▸ Exercise input:

****

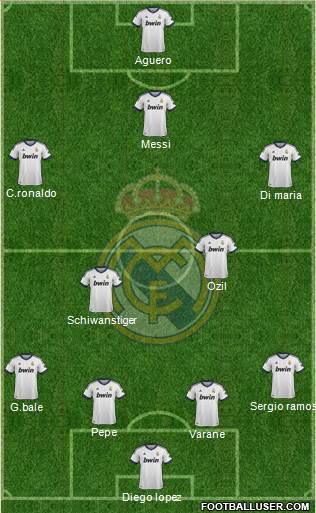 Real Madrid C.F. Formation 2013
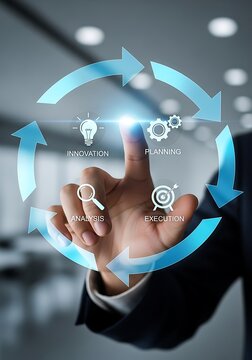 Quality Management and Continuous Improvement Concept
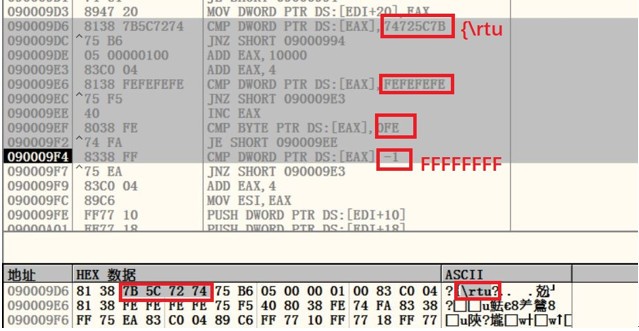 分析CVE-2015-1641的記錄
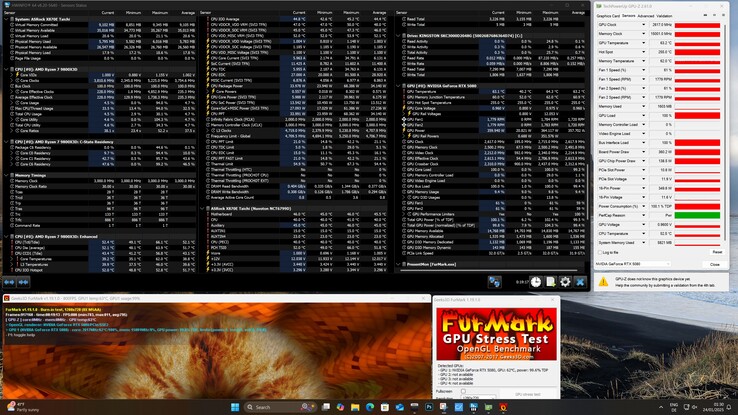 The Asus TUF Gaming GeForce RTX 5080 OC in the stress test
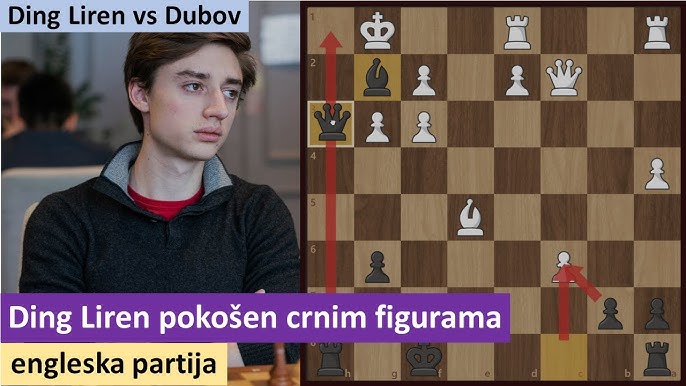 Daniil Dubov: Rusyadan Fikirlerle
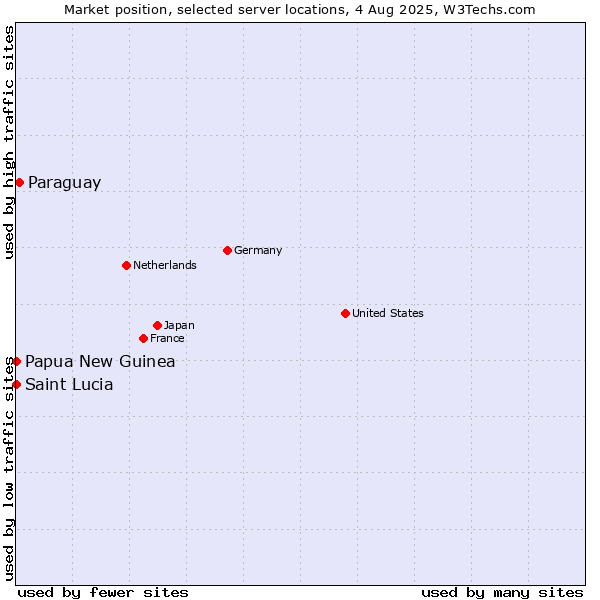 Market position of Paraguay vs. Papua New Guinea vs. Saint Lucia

****

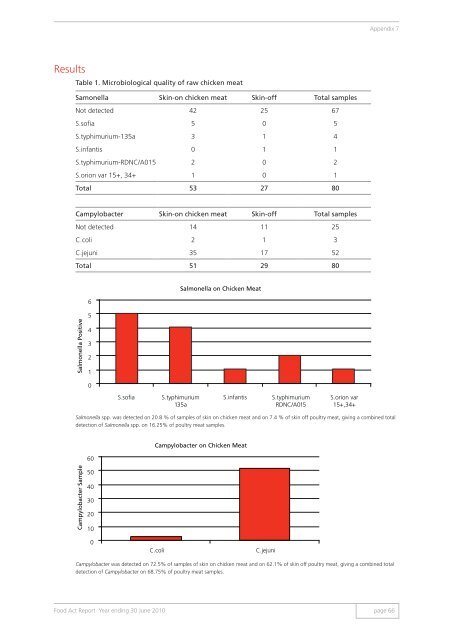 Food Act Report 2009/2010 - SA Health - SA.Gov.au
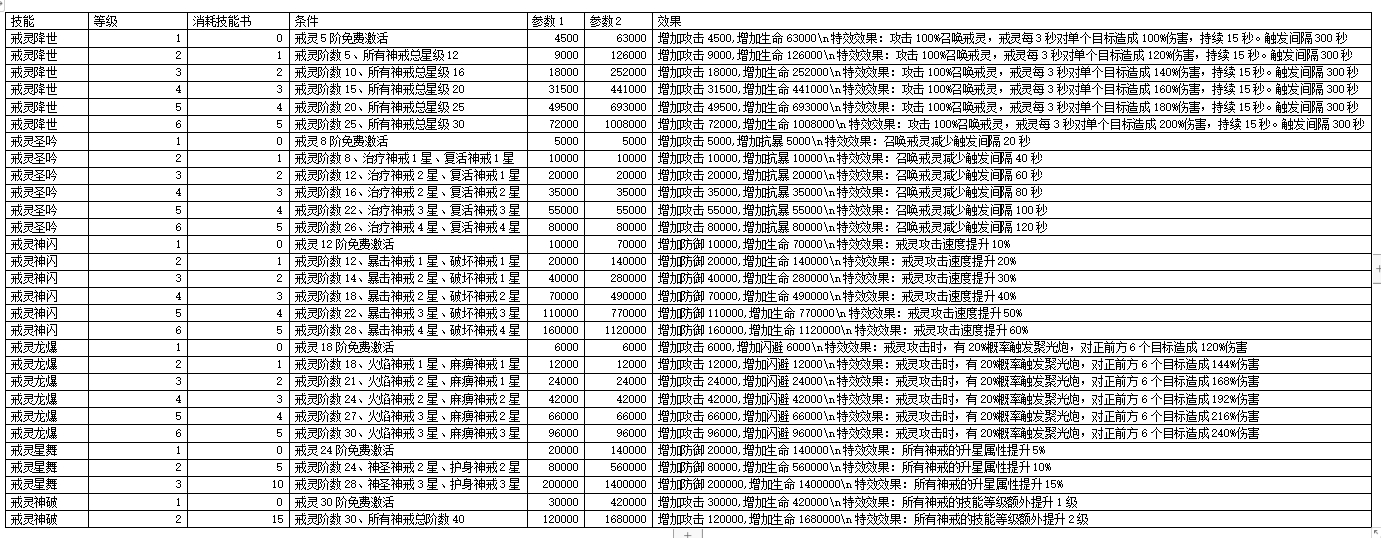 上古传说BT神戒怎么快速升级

****

▸ Activity: All lines above from the one containing "分析CVE-2015-1641的記錄" up to and including the one containing "Market position of" are to be set down exactly, and nothing else. Leave images out.

▸ Output below:
 分析CVE-2015-1641的記錄
 The Asus TUF Gaming GeForce RTX 5080 OC in the stress test
 Daniil Dubov: Rusyadan Fikirlerle
 Market position of Paraguay vs. Papua New Guinea vs. Saint Lucia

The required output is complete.